I. LA PROPOSITION DE LOI SOUMISE À VOTRE COMMISSION

1. Les origines : les journées mondiales de l'ONU, pour la paix (21 septembre), les travailleurs humanitaires (19 août), la radio (13 février), la liberté de la presse (3 mai) et les crimes commis contre les journalistes (2 novembre)
a) La journée internationale de la paix (21 septembre) instaurée dès 1981

La Journée internationale de la paix a été instaurée en 1981 par la résolution 36/67 de l'Assemblée générale des Nations unies . En 2001, l'Assemblée générale a unanimement adopté la résolution 55/282 , établissant le 21 septembre comme journée annuelle de non-violence et de cessez-le-feu.

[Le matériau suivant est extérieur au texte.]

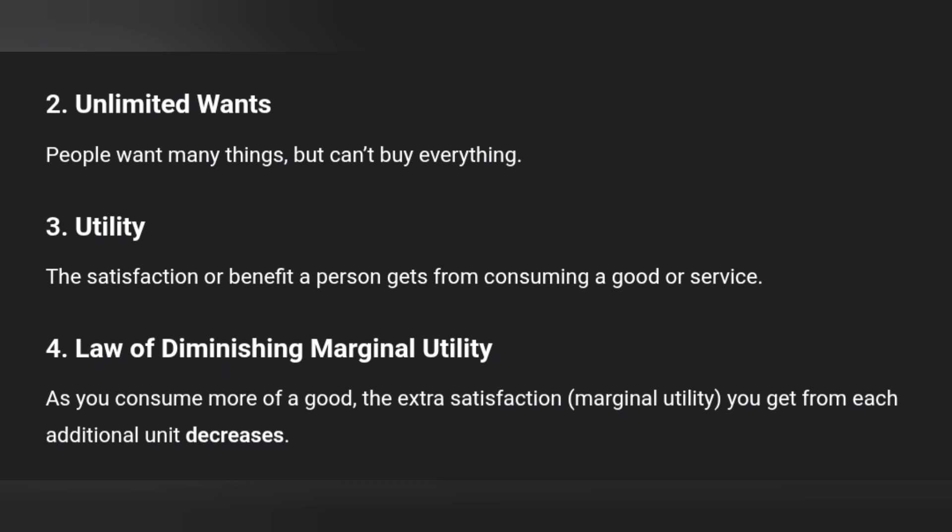People want many things but don't have the budget for everything. The third concept is Utility — the satisfaction or benefit a person gets from consuming a good or service. We can measure the maximum satisfaction using utility.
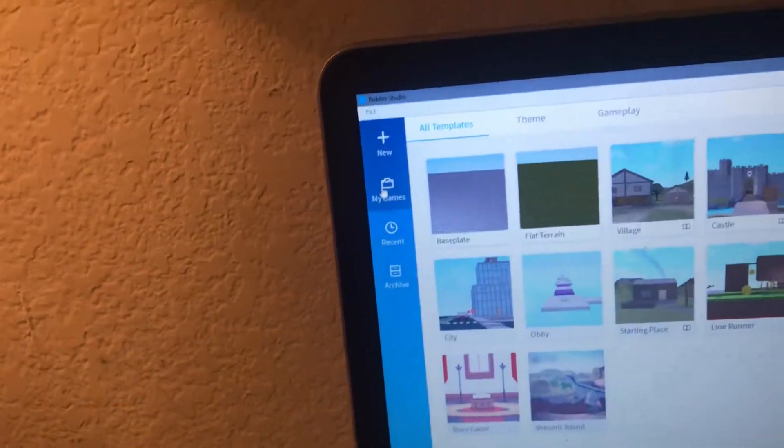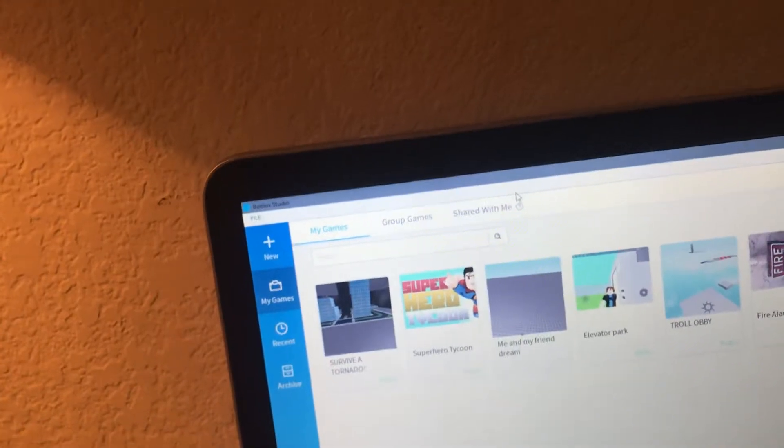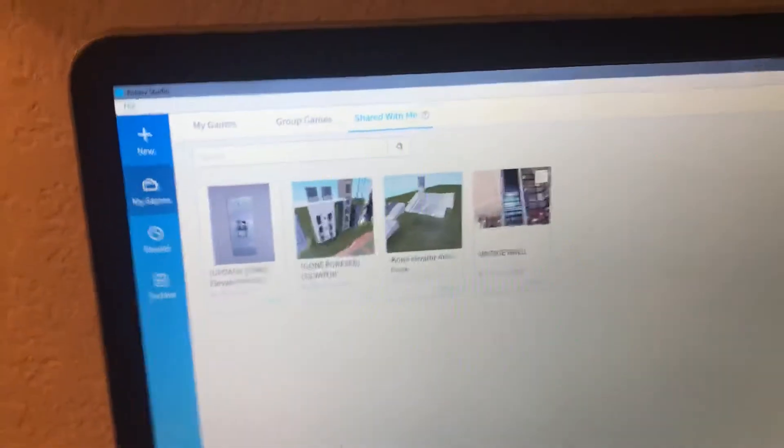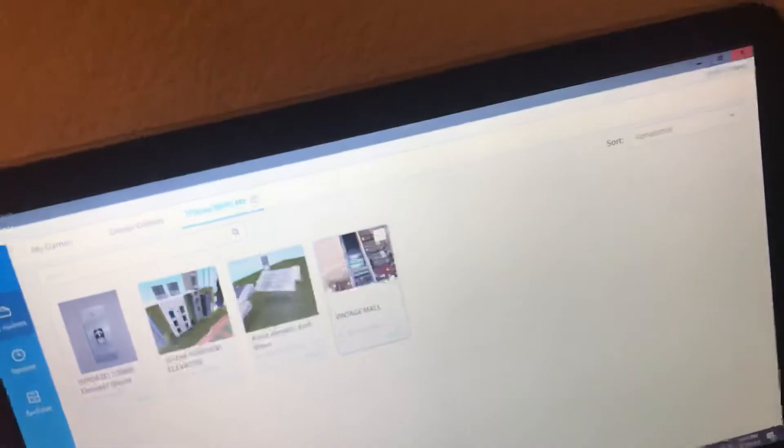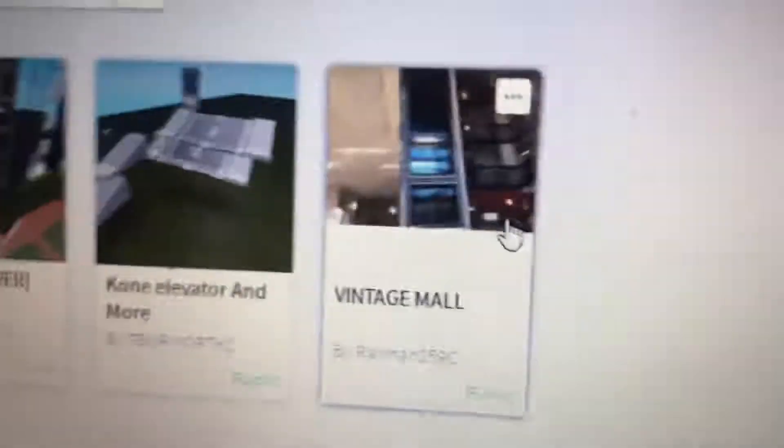Go to Share With Me. You can see a game shared with me — click it. You just click it and go there. Easy. Goodbye.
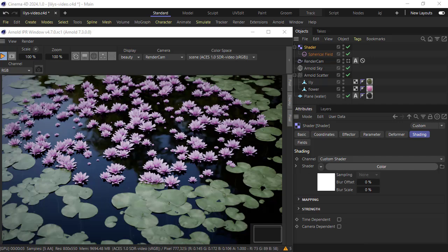So you can see how easy it is to affect the distribution of objects using shader effector with fields and the Arnold Scatter object. Okay thanks for watching and bye for now.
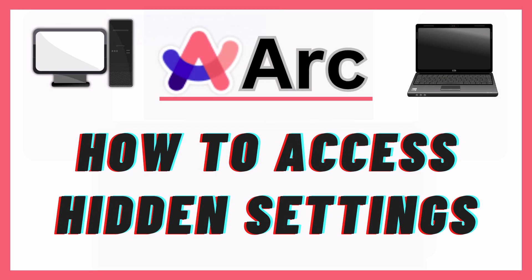This is going to be a video tutorial on how to access the hidden settings in the ARC web browser. I will be using a desktop PC for this.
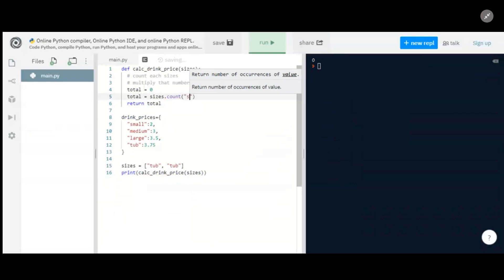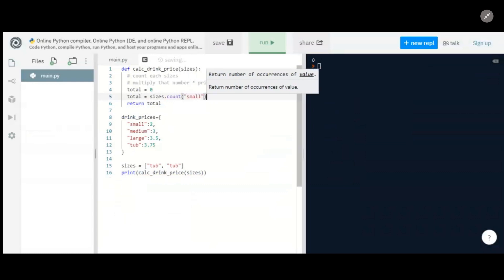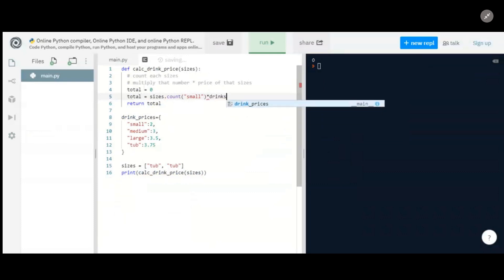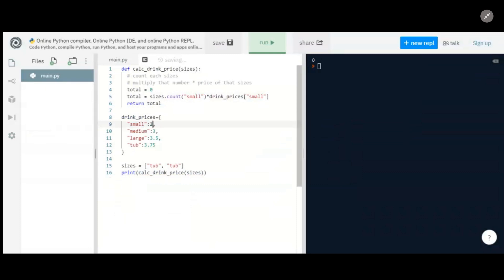So let's take the number of smalls and we're going to multiply it. You could say multiply by two. What I'd rather do here is say drink_prices and then put in small. And that's still going to return two because drink_prices for small is two. But if we were to make any change in here, say we want to make a little more profit on smalls, let's make this 2.5, then you wouldn't have to change it in all the rest of your code.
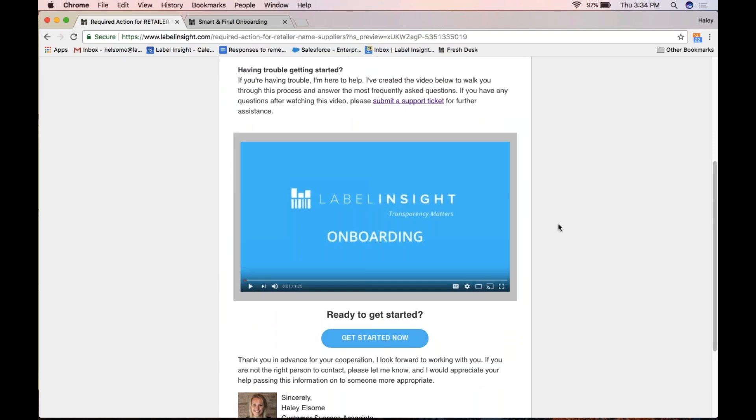Welcome to Label Insight Onboarding. When you're ready to get started, click the Get Started Now button on the email you received from Label Insight.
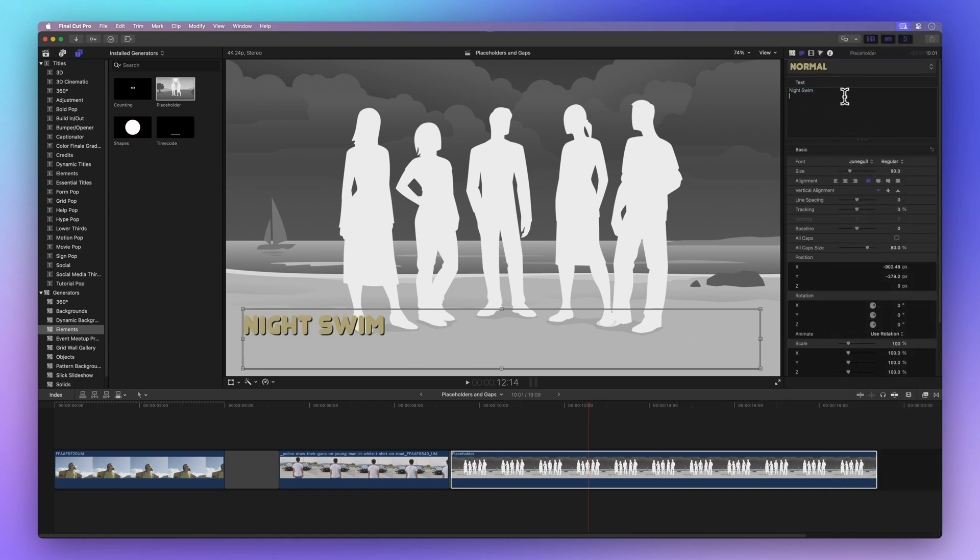So the next time you're working on your project in Final Cut Pro, remember, placeholders and gaps are your secret weapons.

D'après les termes mêmes de la résolution initiale de 1981, la date initialement retenue (3 ème mardi de septembre) correspondait au jour d'ouverture de la session ordinaire de l'Assemblée générale des Nations unies. La séance d'ouverture de l'Assemblée générale se tient en effet annuellement le troisième mardi de septembre.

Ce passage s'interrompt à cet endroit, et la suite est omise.